**WORK TO BE COMPLETED:** Using the data that follows, give again word for word the lines between the one holding "Трусы здесь неуместны: засвет Крисси Тейген" and the one holding "Red Tornado 55501-pantalones", inclusive. Omit the pictures.

**DATA LISTING:**
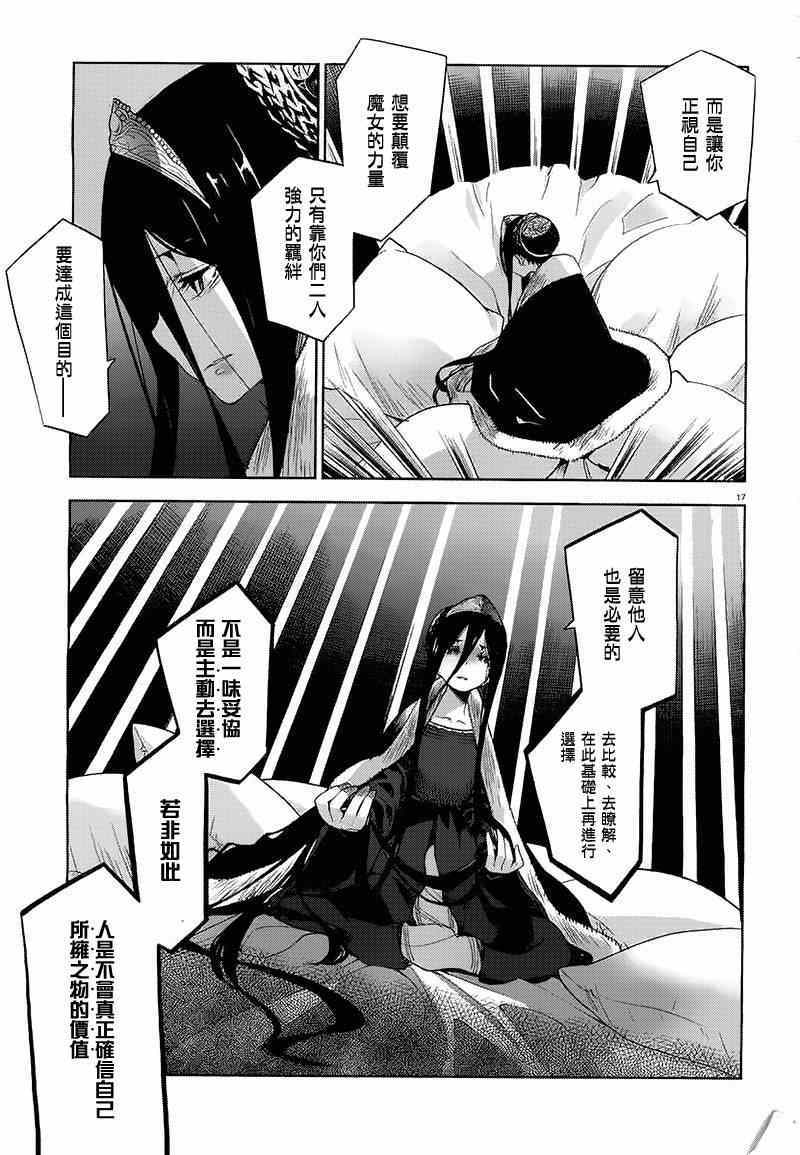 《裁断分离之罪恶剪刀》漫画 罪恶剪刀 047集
---
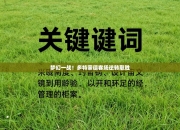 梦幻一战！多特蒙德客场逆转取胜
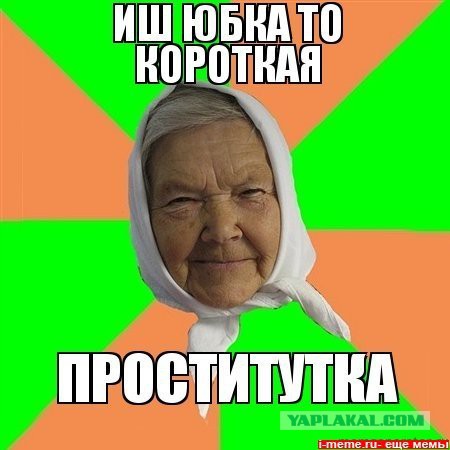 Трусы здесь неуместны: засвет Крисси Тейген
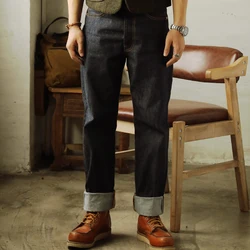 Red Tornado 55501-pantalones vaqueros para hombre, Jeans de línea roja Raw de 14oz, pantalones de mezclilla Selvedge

**RESPONSE:**
 Трусы здесь неуместны: засвет Крисси Тейген
 Red Tornado 55501-pantalones vaqueros para hombre, Jeans de línea roja Raw de 14oz, pantalones de mezclilla Selvedge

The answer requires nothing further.